YOU’VE heard of pop band Girls Aloud.
Well it was hundreds of boys aloud that were rocking Huddersfield Town Hall yesterday.
The concert hall was filled to the rafters with the rousing sound of several hundred male voices singing in unison.
The occasion was ‘Sing Up For The Boys’, a singing workshop involving 770 boys from 29 Kirklees primary schools, five local male voice choirs and the men of Huddersfield Choral Society.
The event is the first of six workshops involving the local community which are being held to celebrate the 175th anniversary of Huddersfield Choral Society.
It also marks the first day of the Mrs Sunderland Music Festival, whose organisers donated the venue. The festival runs until February 26.
The participating male voice choirs were Honley, Skelmanthorpe, New Mill, Gledholt and Colne Valley and they were joined on stage by Kirklees Mayor Clr Andrew Palfreeman, who was in fine voice.
Leader of the singing was Thom Meredith, principal at Kirklees Music Centre. Staff and officials from various organisations have been beavering away behind the scenes to make this grand event happen.

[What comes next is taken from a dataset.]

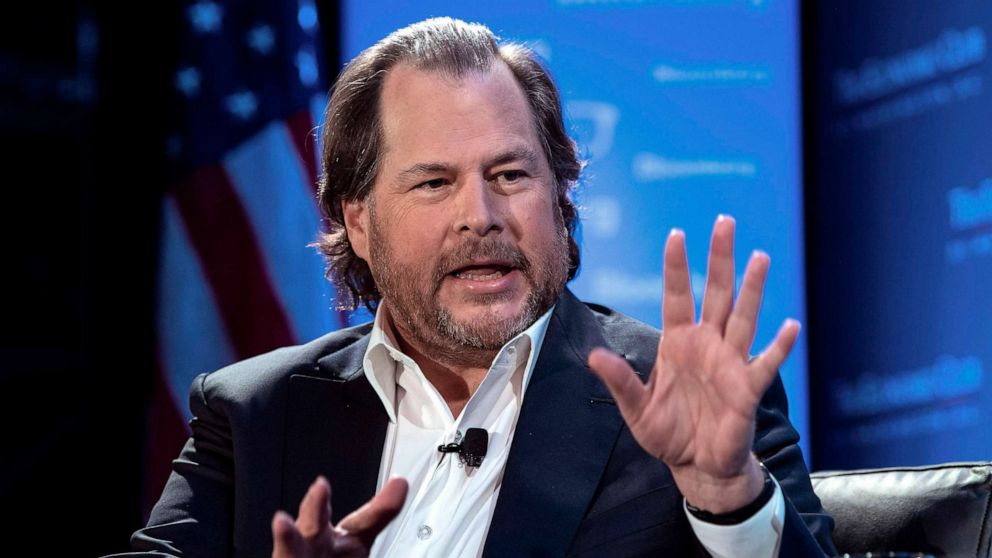 PHOTO: Founder, chairman and co-CEO of Salesforce Marc Benioff speaks at an Economic Club of Washington luncheon in Washington, Oct. 18, 2019.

Two singing hubs were set up at Lindley and Staincliffe primary schools to teach 60 teachers the songs so they could give singing lessons to the boys, all aged between seven and 12, for their big day in the Town Hall.
Barbara Lawson, School Improvement Officer for Music in Kirklees, said: “It is wonderful the way everybody has come together to create this workshop.
“We are building on a rich tradition of singing in Kirklees and the reaction from schools has been tremendous.
“Initially we had hoped to get up to 400 boys involved, but we have almost doubled that.
“We wanted to develop boys’ singing in Kirklees and you only have to look at their faces to see they are loving it. ”
Nine-year-old Luke Fletcher from Kayes First and Nursery School, Clayton West, agreed: “It’s proper good,” he said.
“It’s exciting and it can do your voice good. I like watching the choir sing. They do expressions when they sing and their voices go high; when I sing high my voice goes all croaky.”
Two highlights for the youngsters were the showcase performances from Lindley Boys’ Choir and 35-strong rock band Only Boys Aloud from Scissett Middle School, complete with electric guitar. Their thumping rendition of Guns ’n’ Roses’ Sweet Child of Mine had 700-and-odd boys shaking their heads, tapping their hands and feet and generally wiggling about in time to the beat.
Band member Patrick Wood, aged 12, said: “This is the biggest crowd we have ever done, it’s amazing.”
Michael Hampshire, chairman of the Mrs Sunderland Music Festival, added: “Some boys are a bit shy about singing in front of girls, but you only have to hear and watch them today to see the almost physical thrill the boys get out if it. It becomes as exciting as playing football for them”
The next event in the series is Choral Explosion, when 900 boys and girls will sing in a concert at the Town Hall on March 23.